> Li gave a quick suggestion with blocking queues which I'm using now, though I 
> heard that approach is not suitable for production due to thread blocking.

I think it's a reasonable workaround if you have a relatively small
number of sources.

> 1) I'm assuming here that L(N) and R(N) just represent the batches needed to 
> materialize the Nth batch for Asof and should be followed by the sink?

I think so.  L(N) is the nth batch from the left source.  sink N
represents delivering the joined & materialized batch to the consumer
(for a normal sink node this means dropping the batch into a queue.
For a consuming_sink node this includes the work of the consumer
itself).

> 2) Is there supposed to be an I/O thread for L5, calling Source L5?

Yes, good catch.

> 3) On Pause/Resume, what (ideally) happens to the I/O thread attempting to 
> schedule a task on the source node? For example, after pausing in L4, what 
> happens to the thread handling L5? Can it switch tasks, e.g fulfill a batch 
> from some right hand table instead?

Yes.  If a source is paused then there will be no new I/O tasks for
that source.  Once existing I/O tasks wrap up those I/O threads will
instead focus on any unpaused sources.

>     In our blocking queues approach, I think the I/O thread calling 
> InputReceived on AsOf will be blocked, which means we can potentially 
> deadlock if the number of right hand tables being joined is greater than the 
> number of I/O threads available.
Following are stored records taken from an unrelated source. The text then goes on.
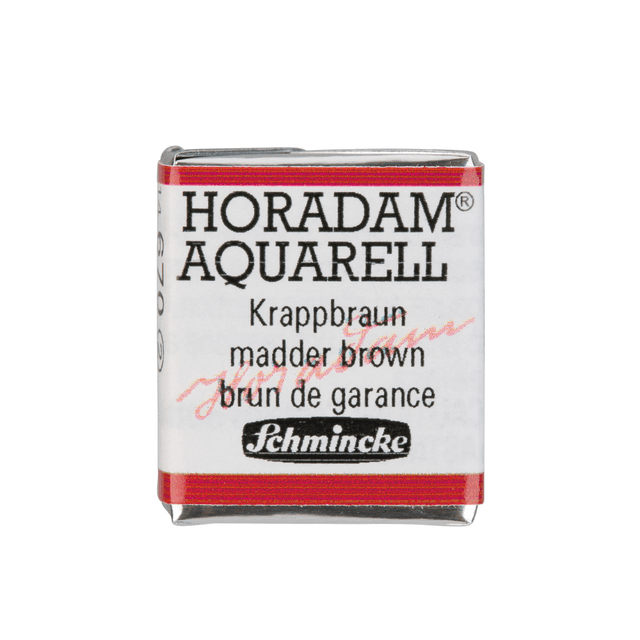 Краски акварельные "Schmincke Horadam", 670 коричневый яркий, полукювета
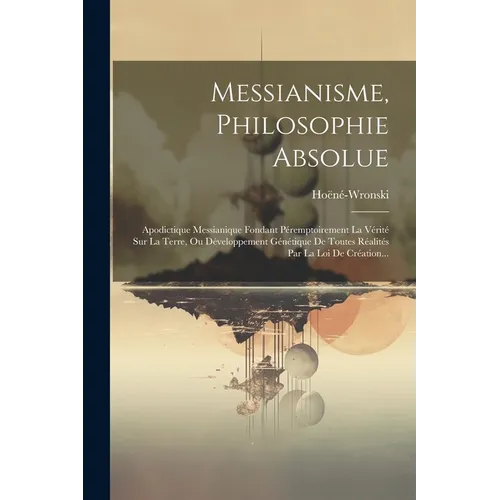 Messianisme, Philosophie Absolue: Apodictique Messianique Fondant Péremptoirement La Vérité Sur La Terre, Ou Développement Génétique De Toutes Réalité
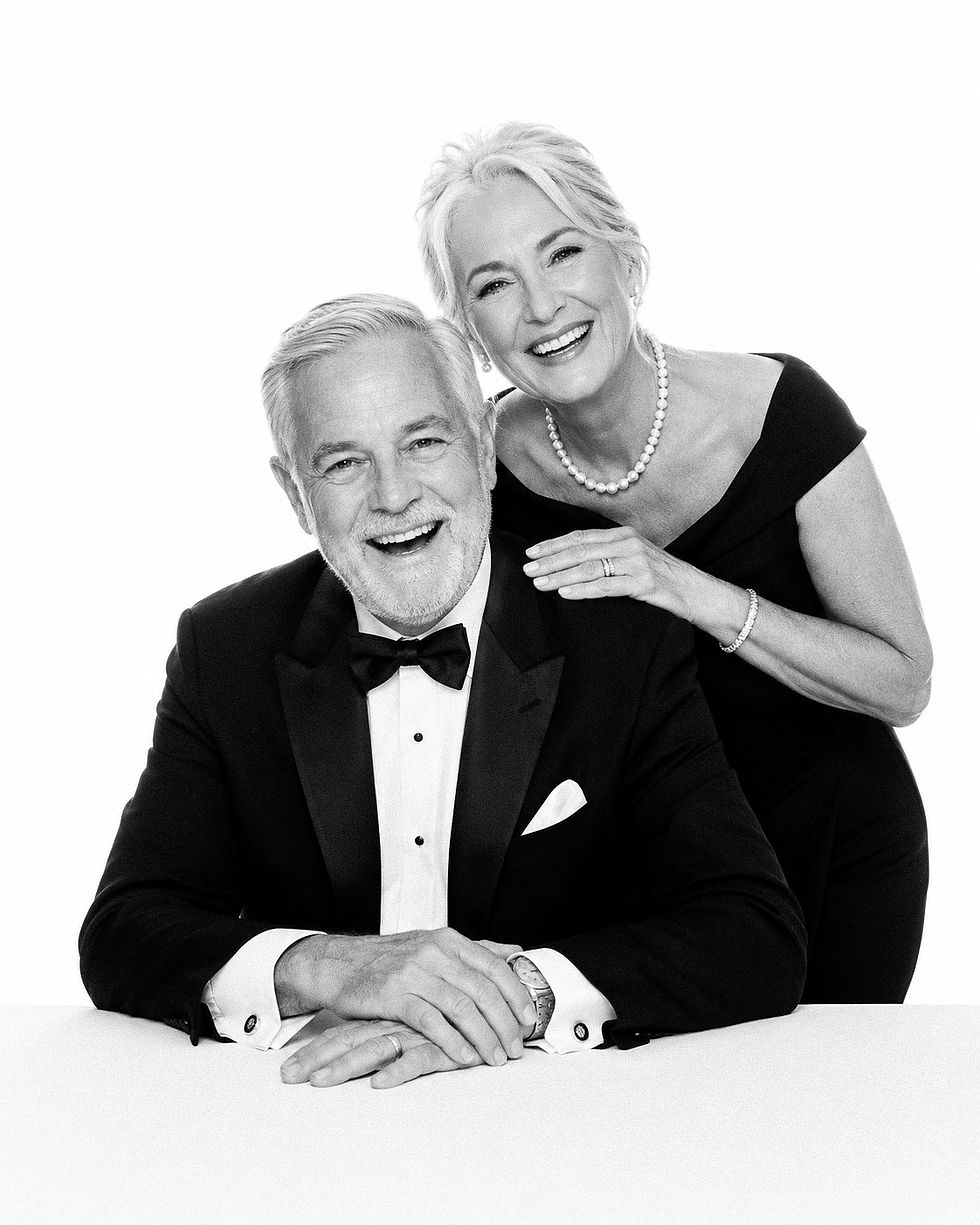 ©Exclusive Events 2026-7 - Black and white portrait of guests photographed by Exclusive Events
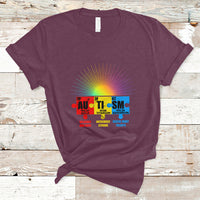 Autism Awareness Puzzle Chemical Element Autistic Support T Shirt - Wonder Print Shop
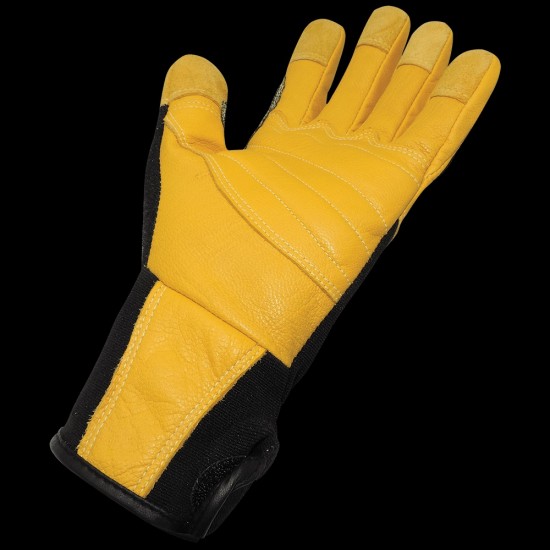 Gripster® Sport Premium-Grade Grain Goatskin Leather Palm Mechanics Style Gloves with TPU Impact Protection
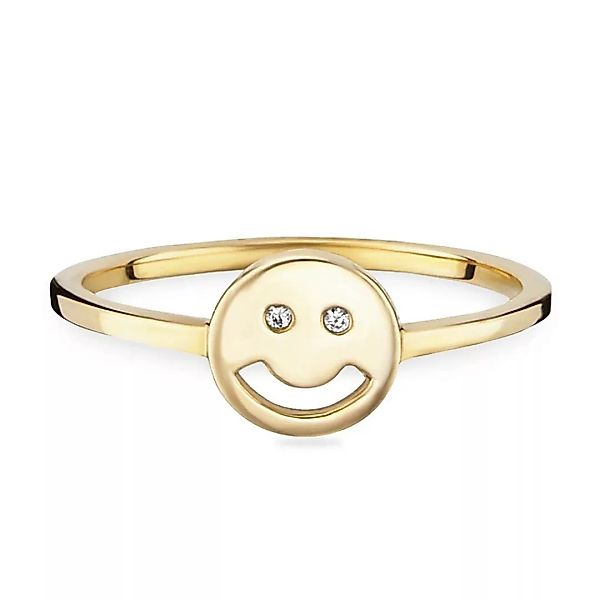 CAÏ Fingerring "925 Sterling Silber vergoldet Smile" günstig online kaufen
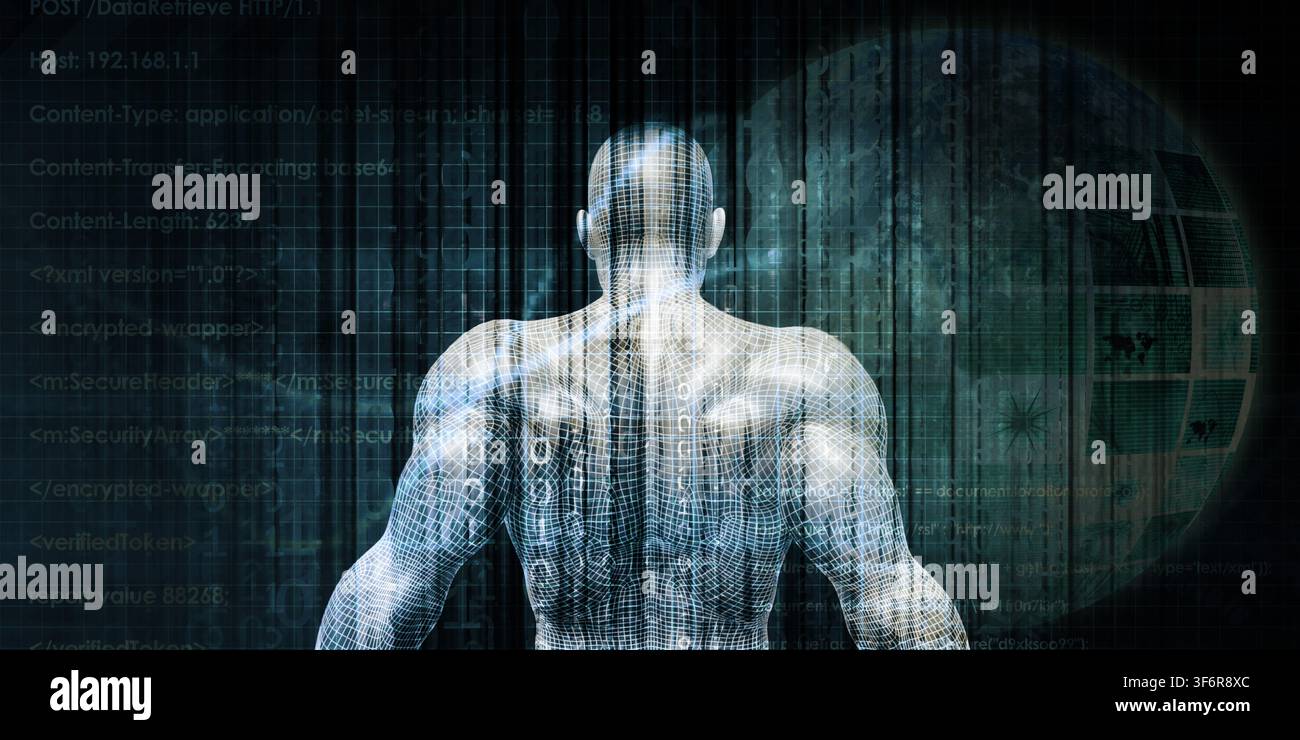 Machine Learning Algorithm Visualization Through Human Interface Stock Photo
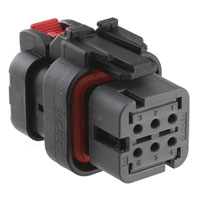 TE Connectivity AMP Connectors - 776531-2 - CONN PLUG ASSY 6POS 18-20AWG GRY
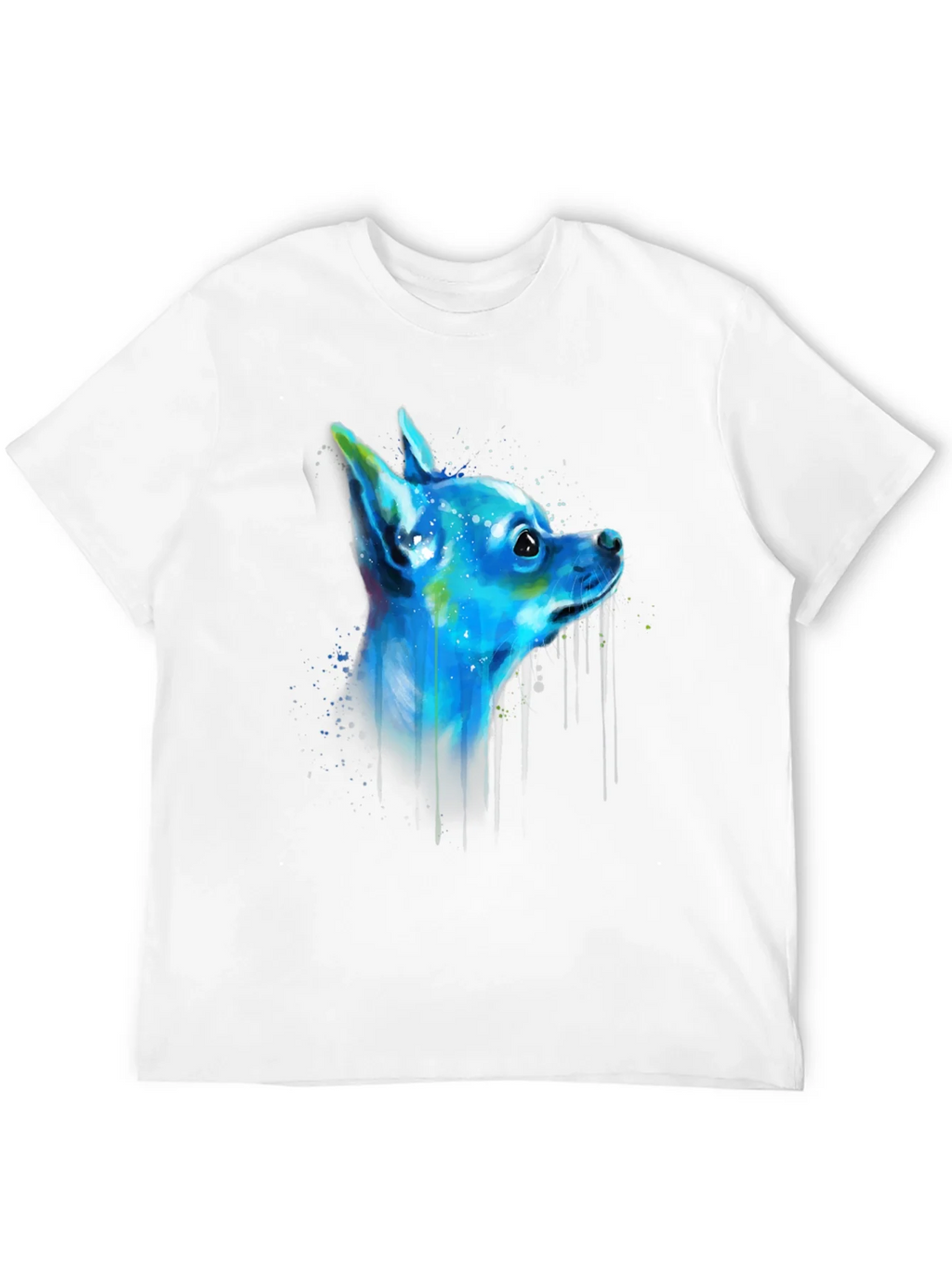 Chihuahua Dog Art Graphic Black T-Shirt product image 10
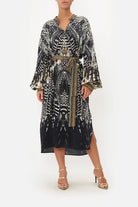 Blouson Sleeve Placket Dress - Night Owl by Camilla | 25 South Boutiques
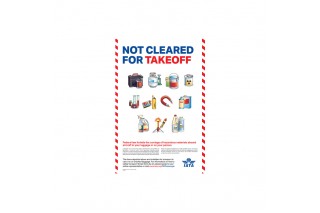 Dangerous Goods Passenger Awareness - A4-Sized Counter Display - International Version
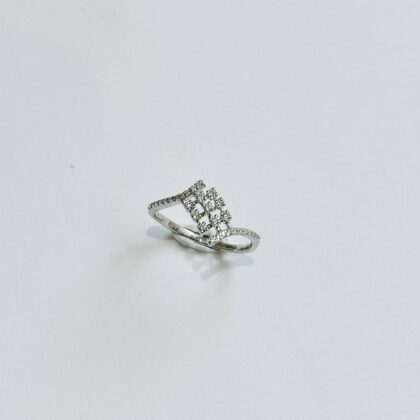 Diamond Studded Gold Rings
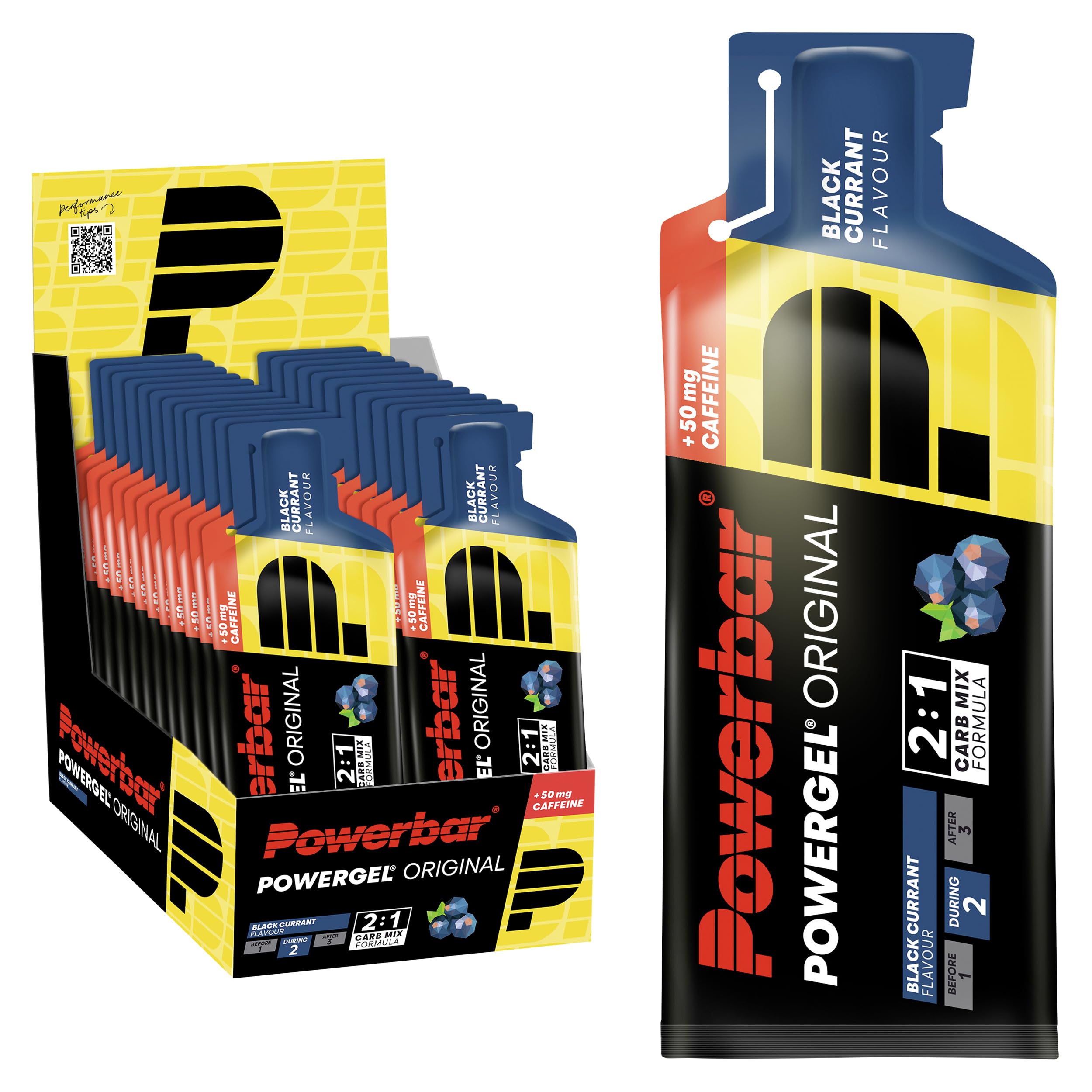 PowerBar PowerGel Original 41g Mustsõstar — Blackcurrant — Gel view 2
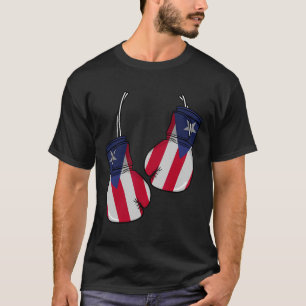 Camiseta Porto Rico Bandeira Boxer Luvas Boricua Patri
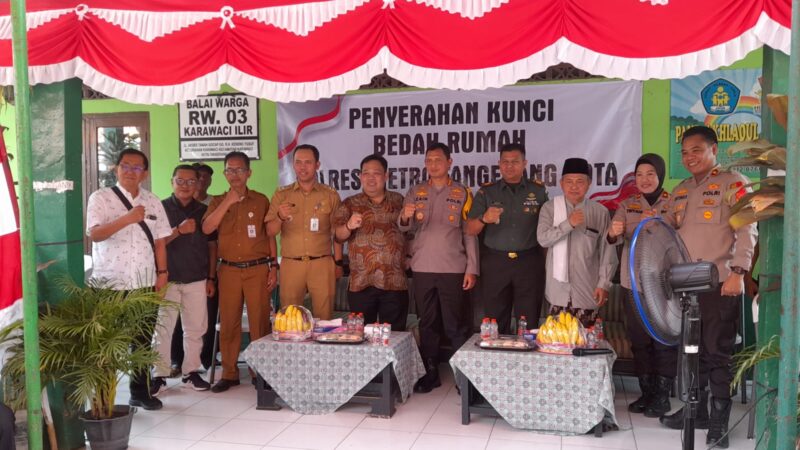 Kapolres Resmikan Program Bedah Rumah di Karawaci, Kota Tangerang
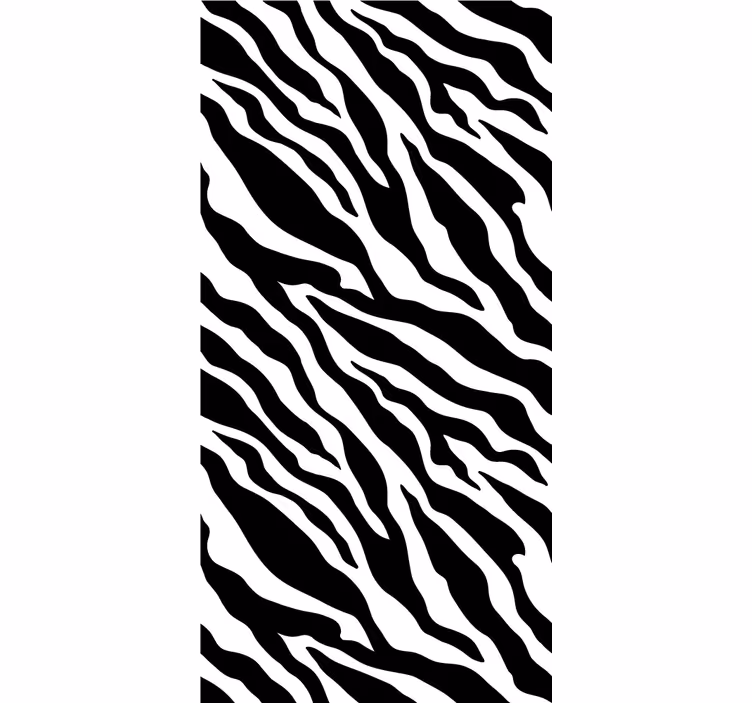Papier peint salon Zèbre imprimé animal noir et blanc - TenStickers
Was just wondering if the scenario would be 
> avoided in the Event Loop implementation.

Yes, that deadlock would be possible.  In the event loop
implementation this would not be a problem.  A call to resume
producing would schedule a task (add it to the back of the queue) and
return immediately.  That task (the one that called resume producing)
would then finish whatever else it needs to do and the next task in
the queue would run.  A call to pause producing would just set a flag
on the source node and return immediately.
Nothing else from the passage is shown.